WHAT IS EXPECTED
In the material below, find the line containing "Milly Nicola Colorblock" and the line containing "VT license plate YXW435". Output those two lines and all lines between them exactly, without pictures.

*** Opening RECORDS SHOWN ***

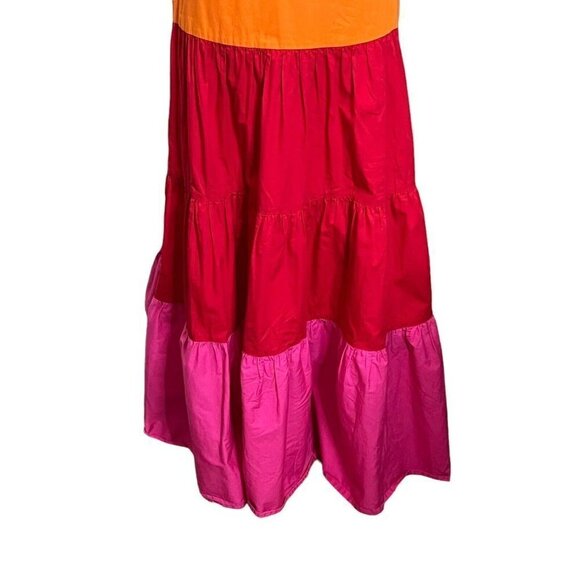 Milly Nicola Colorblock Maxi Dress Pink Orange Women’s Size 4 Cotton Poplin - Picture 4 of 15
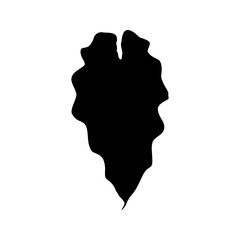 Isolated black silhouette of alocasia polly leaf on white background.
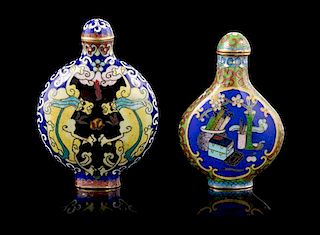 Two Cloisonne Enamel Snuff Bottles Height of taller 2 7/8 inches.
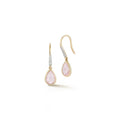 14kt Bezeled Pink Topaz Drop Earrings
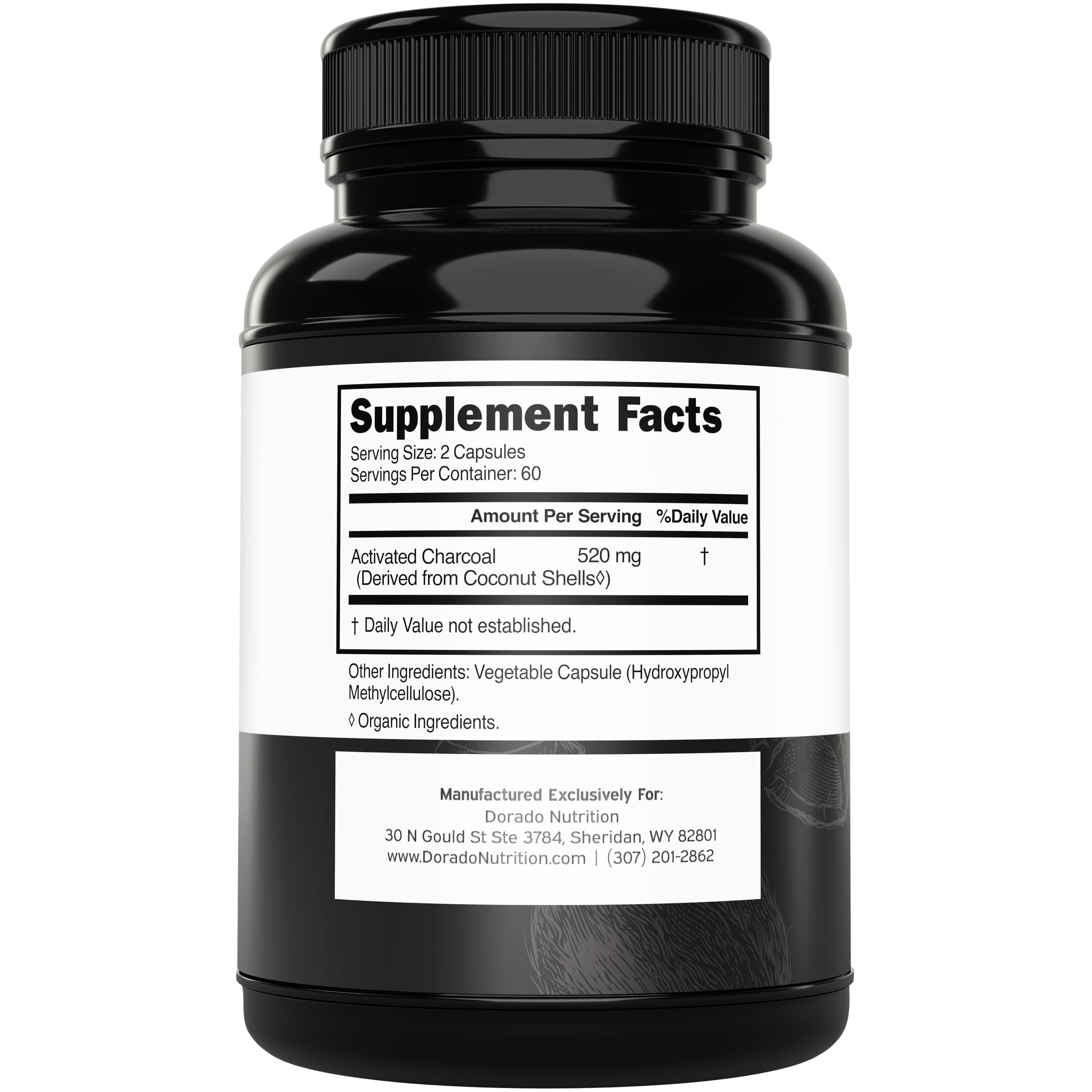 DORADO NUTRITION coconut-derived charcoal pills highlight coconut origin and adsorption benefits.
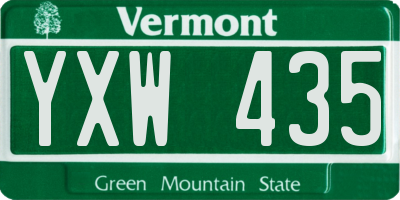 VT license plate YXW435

*** Closing RECORDS SHOWN ***
*** Opening RECORDS SHOWN ***

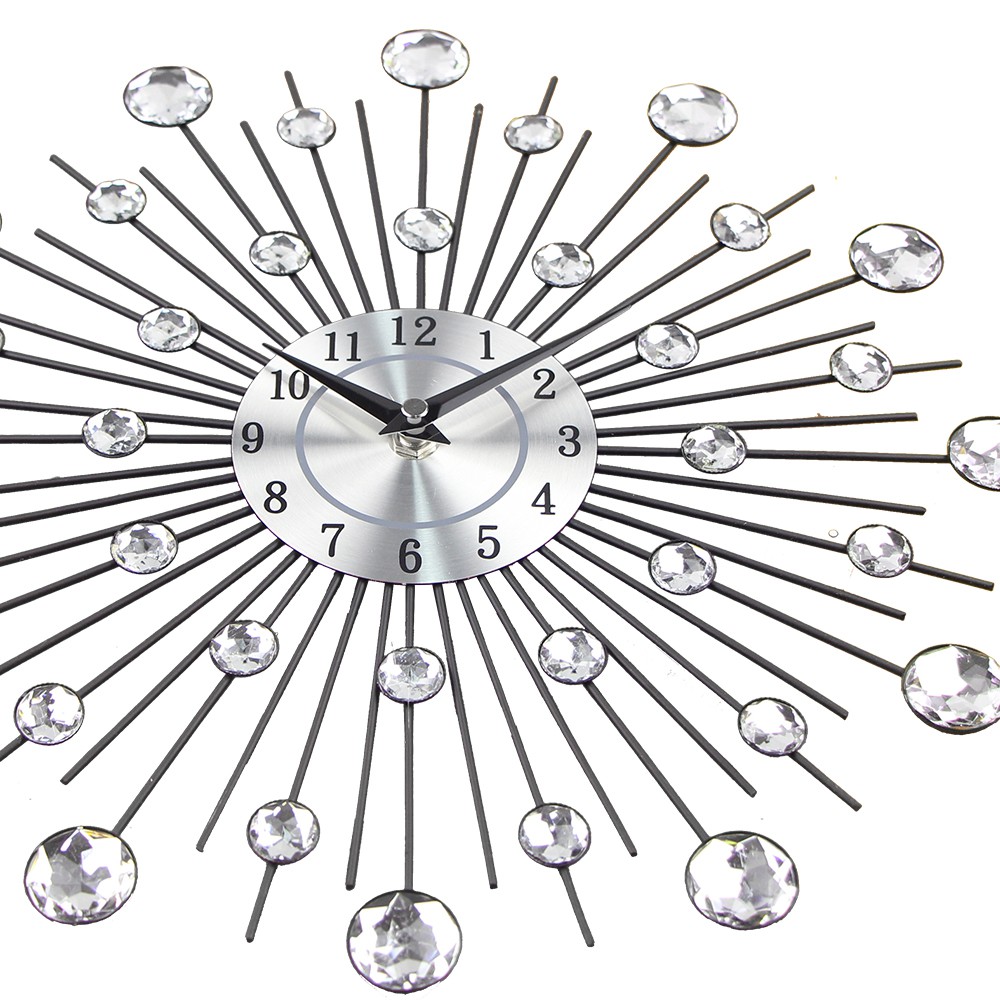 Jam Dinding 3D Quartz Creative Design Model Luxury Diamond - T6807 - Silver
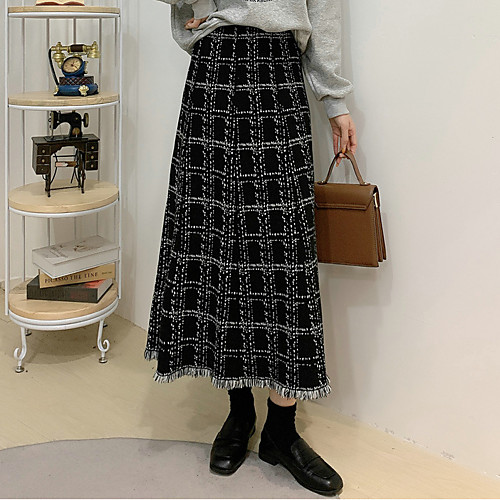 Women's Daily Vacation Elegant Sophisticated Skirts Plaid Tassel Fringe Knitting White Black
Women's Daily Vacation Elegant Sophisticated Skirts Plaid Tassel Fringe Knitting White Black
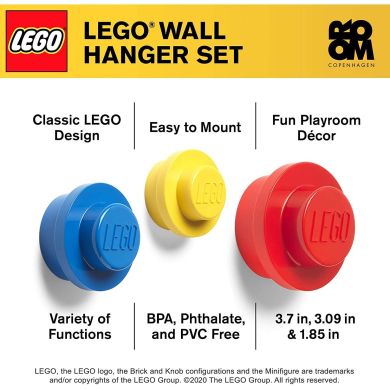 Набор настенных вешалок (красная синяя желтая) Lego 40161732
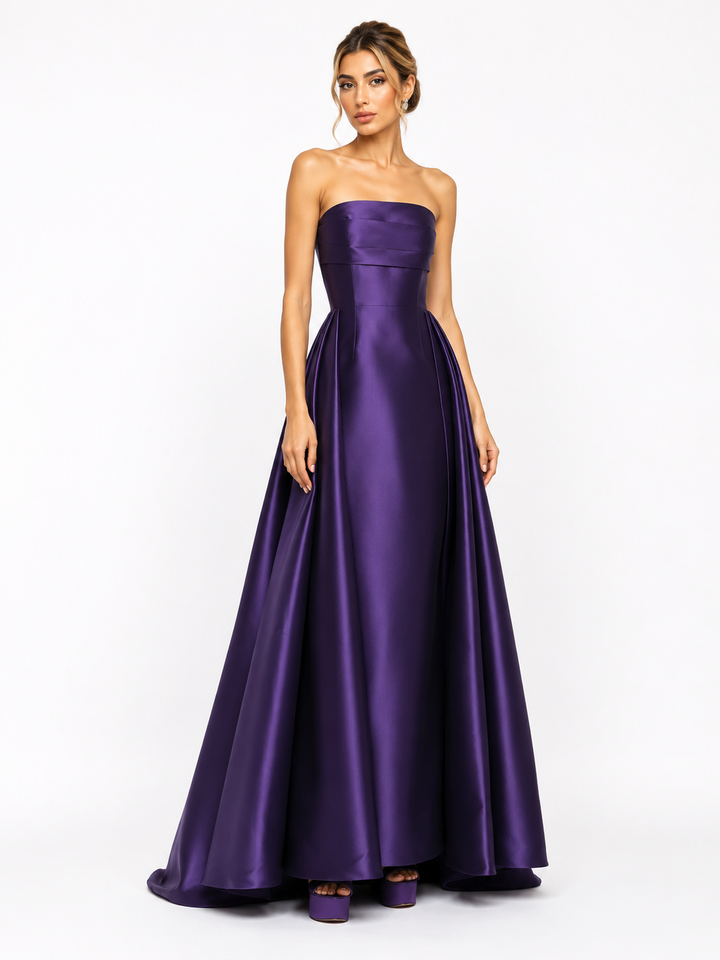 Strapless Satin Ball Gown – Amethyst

*** Closing RECORDS SHOWN ***
*** Opening RECORDS SHOWN ***

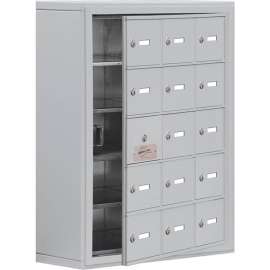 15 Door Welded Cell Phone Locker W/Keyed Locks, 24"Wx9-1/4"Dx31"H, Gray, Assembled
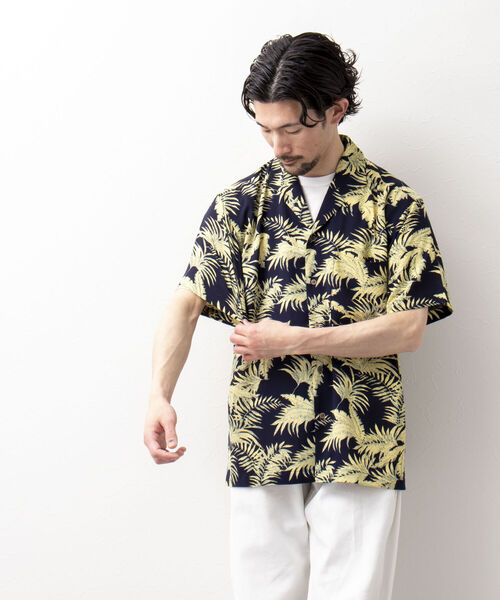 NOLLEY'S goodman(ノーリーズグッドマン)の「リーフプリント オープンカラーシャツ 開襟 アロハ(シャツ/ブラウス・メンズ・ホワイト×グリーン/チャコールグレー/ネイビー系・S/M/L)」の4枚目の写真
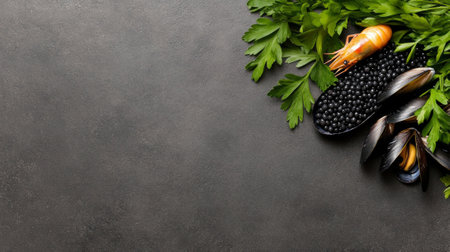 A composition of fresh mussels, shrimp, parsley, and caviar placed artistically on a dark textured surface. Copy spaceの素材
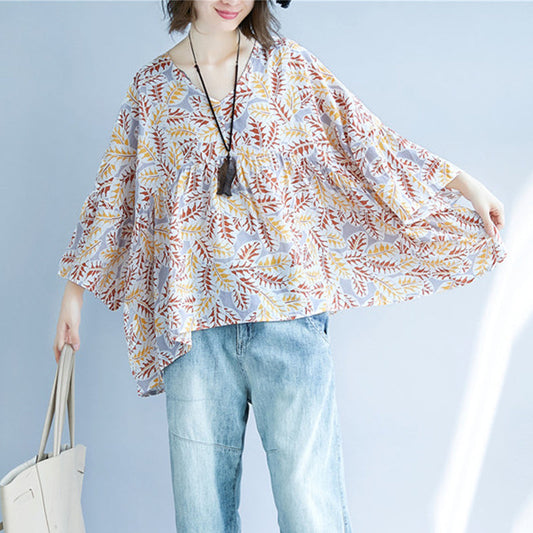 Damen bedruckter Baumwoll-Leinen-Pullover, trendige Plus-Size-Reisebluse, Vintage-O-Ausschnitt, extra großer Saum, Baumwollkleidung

*** Closing RECORDS SHOWN ***

ANSWER FOR THE TASK
 Milly Nicola Colorblock Maxi Dress Pink Orange Women’s Size 4 Cotton Poplin - Picture 4 of 15
 Isolated black silhouette of alocasia polly leaf on white background.
 Two Cloisonne Enamel Snuff Bottles Height of taller 2 7/8 inches.
 14kt Bezeled Pink Topaz Drop Earrings
 DORADO NUTRITION coconut-derived charcoal pills highlight coconut origin and adsorption benefits.
 VT license plate YXW435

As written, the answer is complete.